Разумеется, я не стал входить туда. Я глубже надвинул свою «федору» и, проходя мимо бара, смотрел в другую сторону, лишь однажды заглянув внутрь, когда мое лицо оказалось в тени.
Любимый табурет Хемингуэя у дальнего левого края стойки рядом со стеной был свободен. Ничего странного. Нынешний хозяин бара – государство – распорядился, чтобы на нем никто не сидел. Над пустым табуретом, превращенным в мемориал, красовался бюст писателя – темный, бесформенный и аляповатый. Я слышал, что поклонники преподнесли его Хемингуэю, после того как он получил Нобелевскую премию за свою пошлую рыбацкую повесть. Бармен – не Константе Рибаилахия, мой знакомый «кантинеро», а более молодой мужчина средних лет – надраивал стойку напротив табурета, как будто в любую минуту ожидал возвращения писателя из морского похода.

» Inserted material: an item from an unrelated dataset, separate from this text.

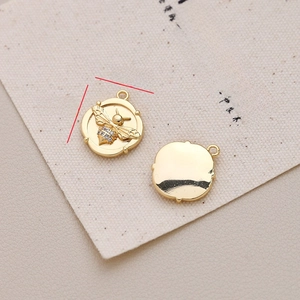Detailed view of gold-plated bee relief charms with zircon inlay showing dimensions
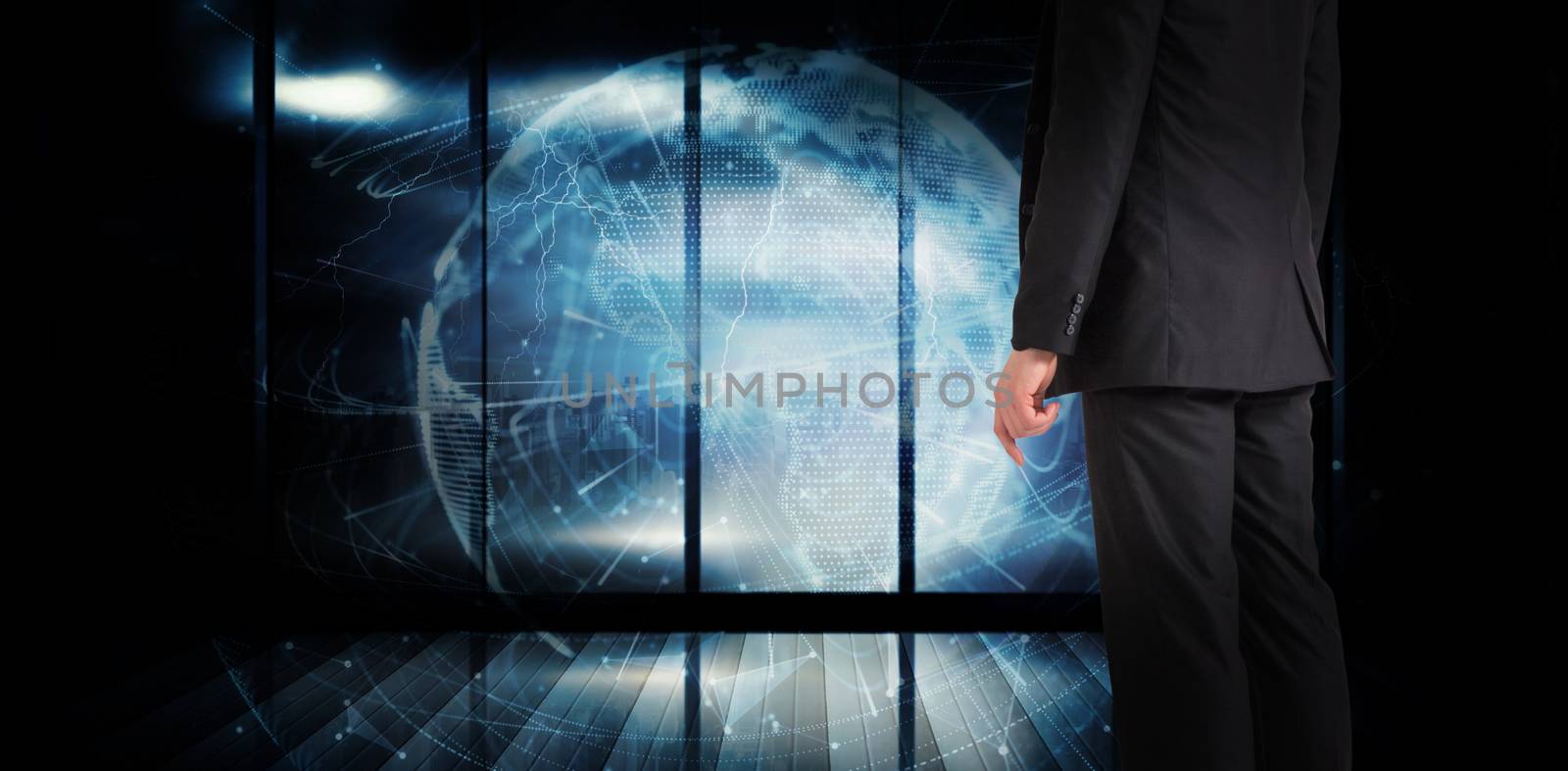 Businessman standing against global technology background in blue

Дойдя до узкой улочки О'Рили, я повернул назад к отелю.
– О господи, – прошептал я, смахивая пот из-под шляпной ленты. Того и гляди кубинцы сделают Хемингуэя кем-то вроде коммунистического святого. Я и раньше встречал такое в католических странах после успешных марксистских переворотов. Верующих изгоняли из храмов, но им по-прежнему были нужны эти чертовы «santos». Социалистические режимы повсеместно старались угодить им, возводя бюсты Маркса, расписывая стены гигантскими изображениями Фиделя и развешивая плакаты с портретами Че Гевары. Я улыбнулся, представив Хемингуэя в роли главного святого Гаваны, и торопливо пересек улицу, чтобы не попасть под колеса колонны русских военных машин.
– La tenia cogida la baja, – прошептал я, извлекая из памяти фразу на полузабытом гаванском сленге. Этот город, более чем все остальные, должен «знать свои слабые места», уметь угадывать подводные камни.
Тем вечером я вылетел из Гаваны, намного больше занятый размышлениями о возможных последствиях моего визита в замаскированный лагерь к югу от Ремедиоса, чем об обстоятельствах смерти Хемингуэя. Однако в последующие недели, месяцы и годы именно эти обстоятельства, именно эта смерть стали для меня навязчивой идеей.
В первых сообщениях «Америкэн Пресс» говорилось, что Хемингуэй чистил одну из своих винтовок, и та случайно выстрелила. Я сразу понял, что это чепуха. Хемингуэй ухаживал за своим оружием с юности и никогда не допустил бы такой оплошности. Чуть позже в выпусках новостей было подтверждено, что он вышиб себе мозги. Но каким образом? Я помнил, что единственный бой на кулаках между мной и писателем завязался из-за того, что он пытался продемонстрировать мне, как совершаются самоубийства. Он поставил приклад своего «манлихера» на циновку в гостиной, приложил дуло к губам, сказал: «В рот, Джо; небо – самое мягкое место черепа», – и нажал спусковой крючок большим пальцем ноги. Курок сухо щелкнул, Хемингуэй поднял лицо и улыбнулся, словно ожидая от меня одобрения.